Re: [PATCH 11/28] KVM: x86/mmu: pass pte_access for final nGPA->GPA walk
From: mlevitsk
Date: Tue Jun 02 2026 - 10:34:12 EST
On Tue, 2026-05-05 at 21:52 +0200, Paolo Bonzini wrote:
> The XS/XU bit for EPT are only applied to final accesses, and use the
> U bit from the page walk itself. This is available in the page walker
> as pte_access & ACC_USER_MASK but not available to translate_nested_gpa,
> so pass it down.
>
> Tested-by: David Riley <d.riley@xxxxxxxxxxx>
> Signed-off-by: Paolo Bonzini <pbonzini@xxxxxxxxxx>
> ---
> arch/x86/kvm/hyperv.c | 2 +-
> arch/x86/kvm/mmu.h | 15 ++++++++++++---
> arch/x86/kvm/mmu/mmu.c | 8 +++++++-
> arch/x86/kvm/mmu/paging_tmpl.h | 4 ++--
> arch/x86/kvm/mmu/spte.h | 6 ------
> arch/x86/kvm/x86.c | 5 +++--
> 6 files changed, 25 insertions(+), 15 deletions(-)
>
> diff --git a/arch/x86/kvm/hyperv.c b/arch/x86/kvm/hyperv.c
> index cf9dd565b894..53688f7b76eb 100644
> --- a/arch/x86/kvm/hyperv.c
> +++ b/arch/x86/kvm/hyperv.c
> @@ -2042,7 +2042,7 @@ static u64 kvm_hv_flush_tlb(struct kvm_vcpu *vcpu, struct kvm_hv_hcall *hc)
> */
> if (!hc->fast && is_guest_mode(vcpu)) {
> hc->ingpa = translate_nested_gpa(vcpu, hc->ingpa,
> - PFERR_GUEST_FINAL_MASK, NULL);
> + PFERR_GUEST_FINAL_MASK, NULL, 0);
> if (unlikely(hc->ingpa == INVALID_GPA))
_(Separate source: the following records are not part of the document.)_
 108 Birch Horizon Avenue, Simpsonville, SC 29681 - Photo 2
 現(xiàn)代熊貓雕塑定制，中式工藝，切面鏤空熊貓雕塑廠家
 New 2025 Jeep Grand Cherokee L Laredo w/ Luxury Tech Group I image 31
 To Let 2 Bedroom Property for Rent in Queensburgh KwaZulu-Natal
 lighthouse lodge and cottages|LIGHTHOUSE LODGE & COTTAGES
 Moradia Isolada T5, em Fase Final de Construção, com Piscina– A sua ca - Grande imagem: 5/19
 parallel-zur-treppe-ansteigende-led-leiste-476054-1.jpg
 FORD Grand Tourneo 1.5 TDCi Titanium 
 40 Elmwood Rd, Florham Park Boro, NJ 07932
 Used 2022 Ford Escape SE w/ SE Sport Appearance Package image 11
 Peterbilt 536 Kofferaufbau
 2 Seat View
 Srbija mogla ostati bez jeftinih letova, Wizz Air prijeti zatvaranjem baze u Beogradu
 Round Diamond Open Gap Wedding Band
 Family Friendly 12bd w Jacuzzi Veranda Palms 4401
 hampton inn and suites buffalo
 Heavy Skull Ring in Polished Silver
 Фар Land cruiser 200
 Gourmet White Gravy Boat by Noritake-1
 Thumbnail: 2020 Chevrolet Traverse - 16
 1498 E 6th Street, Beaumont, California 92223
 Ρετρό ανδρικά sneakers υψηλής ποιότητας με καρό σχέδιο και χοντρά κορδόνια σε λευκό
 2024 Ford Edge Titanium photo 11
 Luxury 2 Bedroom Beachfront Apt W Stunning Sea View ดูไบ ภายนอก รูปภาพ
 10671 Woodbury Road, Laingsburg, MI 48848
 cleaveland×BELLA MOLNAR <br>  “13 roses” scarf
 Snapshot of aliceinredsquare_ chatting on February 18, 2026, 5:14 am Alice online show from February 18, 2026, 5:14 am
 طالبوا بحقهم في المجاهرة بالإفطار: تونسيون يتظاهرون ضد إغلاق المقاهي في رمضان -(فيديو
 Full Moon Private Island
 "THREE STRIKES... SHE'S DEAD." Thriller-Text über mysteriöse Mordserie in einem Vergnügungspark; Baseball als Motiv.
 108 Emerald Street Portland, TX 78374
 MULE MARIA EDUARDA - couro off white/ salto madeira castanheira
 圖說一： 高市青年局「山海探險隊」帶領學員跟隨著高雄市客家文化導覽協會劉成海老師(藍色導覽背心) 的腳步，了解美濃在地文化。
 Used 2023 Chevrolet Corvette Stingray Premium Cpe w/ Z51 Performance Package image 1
> return HV_STATUS_INVALID_HYPERCALL_INPUT;
> }
> diff --git a/arch/x86/kvm/mmu.h b/arch/x86/kvm/mmu.h
> index 23f37535c0ce..635c2e5d8513 100644
> --- a/arch/x86/kvm/mmu.h
> +++ b/arch/x86/kvm/mmu.h
> @@ -37,6 +37,12 @@ extern bool __read_mostly enable_mmio_caching;
> #define PT32_ROOT_LEVEL 2
> #define PT32E_ROOT_LEVEL 3
>
> +#define ACC_READ_MASK PT_PRESENT_MASK
> +#define ACC_WRITE_MASK PT_WRITABLE_MASK
> +#define ACC_USER_MASK PT_USER_MASK
> +#define ACC_EXEC_MASK 8
> +#define ACC_ALL (ACC_EXEC_MASK | ACC_WRITE_MASK | ACC_USER_MASK | ACC_READ_MASK)
> +
> #define KVM_MMU_CR4_ROLE_BITS (X86_CR4_PSE | X86_CR4_PAE | X86_CR4_LA57 | \
> X86_CR4_SMEP | X86_CR4_SMAP | X86_CR4_PKE)
>
> @@ -289,16 +295,19 @@ static inline void kvm_update_page_stats(struct kvm *kvm, int level, int count)
> }
>
> gpa_t translate_nested_gpa(struct kvm_vcpu *vcpu, gpa_t gpa, u64 access,
> - struct x86_exception *exception);
> + struct x86_exception *exception,
> + u64 pte_access);
>
> static inline gpa_t kvm_translate_gpa(struct kvm_vcpu *vcpu,
> struct kvm_mmu *mmu,
> gpa_t gpa, u64 access,
> - struct x86_exception *exception)
> + struct x86_exception *exception,
> + u64 pte_access)
Hi,
IMHO the fact that we have now both 'access' and 'pte_access' is confusing,
and yet we have to do it in this way because this is how MBE works.
I think this needs a one large comment justifying the whole thing, including
explanation on what pte_access is and that it is only defined for access that
translate the final guest memory access (it is 0 otherwise)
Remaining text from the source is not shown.